Delhi-based four-year-old start-up law firm Palit & Co has expanded to five partners after hiring Amit Jain, who was formerly an executive partner at Lakshmikumaran & Sridharan (LKS), as a partner in Delhi on 2 November.
Amit Jain had been promoted in 2016 to executive partner at LKS, and specialises in indirect tax work.
LKS CEO Bipin Verma commented: “We wish him the very best.”
Jain’s hire follows Shiva Nagesh joining Palit as a tax and regulatory-specialist partner in March 2020, having before that worked as associate partner at Lexport Advocates and in-house.

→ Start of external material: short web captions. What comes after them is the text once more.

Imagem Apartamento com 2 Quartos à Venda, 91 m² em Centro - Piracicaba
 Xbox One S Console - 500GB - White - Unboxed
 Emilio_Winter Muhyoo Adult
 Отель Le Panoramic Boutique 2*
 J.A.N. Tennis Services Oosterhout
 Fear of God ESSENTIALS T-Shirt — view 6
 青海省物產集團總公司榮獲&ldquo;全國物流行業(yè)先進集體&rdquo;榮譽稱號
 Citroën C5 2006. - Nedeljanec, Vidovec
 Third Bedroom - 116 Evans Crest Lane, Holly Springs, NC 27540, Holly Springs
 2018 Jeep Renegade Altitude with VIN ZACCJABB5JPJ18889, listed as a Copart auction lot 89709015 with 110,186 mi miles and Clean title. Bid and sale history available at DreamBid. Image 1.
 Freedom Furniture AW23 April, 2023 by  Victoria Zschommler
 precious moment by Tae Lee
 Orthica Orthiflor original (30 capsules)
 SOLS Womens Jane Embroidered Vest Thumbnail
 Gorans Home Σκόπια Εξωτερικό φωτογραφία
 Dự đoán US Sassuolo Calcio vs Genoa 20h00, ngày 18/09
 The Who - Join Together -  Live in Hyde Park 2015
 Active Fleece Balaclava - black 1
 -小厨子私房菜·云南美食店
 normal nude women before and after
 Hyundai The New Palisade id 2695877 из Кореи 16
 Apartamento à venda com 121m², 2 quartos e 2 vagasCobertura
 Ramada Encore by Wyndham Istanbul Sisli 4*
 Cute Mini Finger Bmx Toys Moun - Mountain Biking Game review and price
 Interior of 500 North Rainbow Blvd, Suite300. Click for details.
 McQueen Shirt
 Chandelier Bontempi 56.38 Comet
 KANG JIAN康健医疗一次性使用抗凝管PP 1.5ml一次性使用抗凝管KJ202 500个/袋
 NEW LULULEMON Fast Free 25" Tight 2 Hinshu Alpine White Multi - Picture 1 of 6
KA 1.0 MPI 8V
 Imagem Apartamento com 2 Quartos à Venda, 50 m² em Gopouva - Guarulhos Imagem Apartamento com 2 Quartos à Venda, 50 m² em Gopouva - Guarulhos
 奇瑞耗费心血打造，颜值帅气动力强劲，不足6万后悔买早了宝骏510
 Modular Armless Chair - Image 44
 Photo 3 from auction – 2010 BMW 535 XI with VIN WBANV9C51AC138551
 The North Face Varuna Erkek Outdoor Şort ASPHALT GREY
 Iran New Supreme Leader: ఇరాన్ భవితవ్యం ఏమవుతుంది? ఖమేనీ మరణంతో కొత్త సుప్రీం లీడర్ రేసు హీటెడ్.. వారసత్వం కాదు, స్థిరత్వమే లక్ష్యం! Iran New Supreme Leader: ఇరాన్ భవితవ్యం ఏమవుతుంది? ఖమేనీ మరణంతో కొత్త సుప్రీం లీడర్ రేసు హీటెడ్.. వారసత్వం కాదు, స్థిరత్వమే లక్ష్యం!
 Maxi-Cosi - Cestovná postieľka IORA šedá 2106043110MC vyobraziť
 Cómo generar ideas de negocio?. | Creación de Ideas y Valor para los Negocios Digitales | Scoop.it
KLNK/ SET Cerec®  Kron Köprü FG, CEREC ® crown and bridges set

A brief history of a young firm

Palit & Co had been founded in 2016 by Pallav Palit, a 2013 RMLNLU Lucknow graduate, who had previously worked at Khaitan & Co for a two-and-a-half-year stint in its Delhi litigation practice.
Palit and partner Lalitendra Gulani commented about Jain’s joining that his “decades of experience and wealth of knowledge in the field of indirect taxation will immensely help the firm to strengthen the creative and quality focused services we constantly strive to deliver to our clients”.
Palit himself specialises in had started the firm as a sole proprietorship practice, dealing in general litigation and dispute resolution, particularly in IP and commercial contracts.
Four of the five partners are equity partners.
“We are trying to focus to grow with dedication and maintaining value and quality in what we are doing” and with an “emphasis on quality, which any good firm would have”, said Palit, but added that “we don’t want to expand very quickly”.
The firm’s clientele was mostly domestic Indian clients but also the Indian subsidiaries of several Japanese subsidiaries.
When he had started the firm, it had been “a very humble beginning” with two or three clients whom he could “ask for work and who would support me”, Palit recounted, activating his contacts and referrals in the industry, until it “organically just expanded”.
The firm had for around two years also began focusing on sending out updates on emerging legal issues to clients, which had been useful, he said.
Palit & Co currently had a “small office in Vasant Kunj” in Delhi, said Palit, and while there had been a plan to move into a bigger office before the pandemic hit, since then they had “picked juniors from different parts o the country” who are all working remotely now.
This would continue, Palit said, since the “remote way of functioning is working well for us” besides meeting up in courts when required, and a lot of other big law firms had also been doing well with remote work.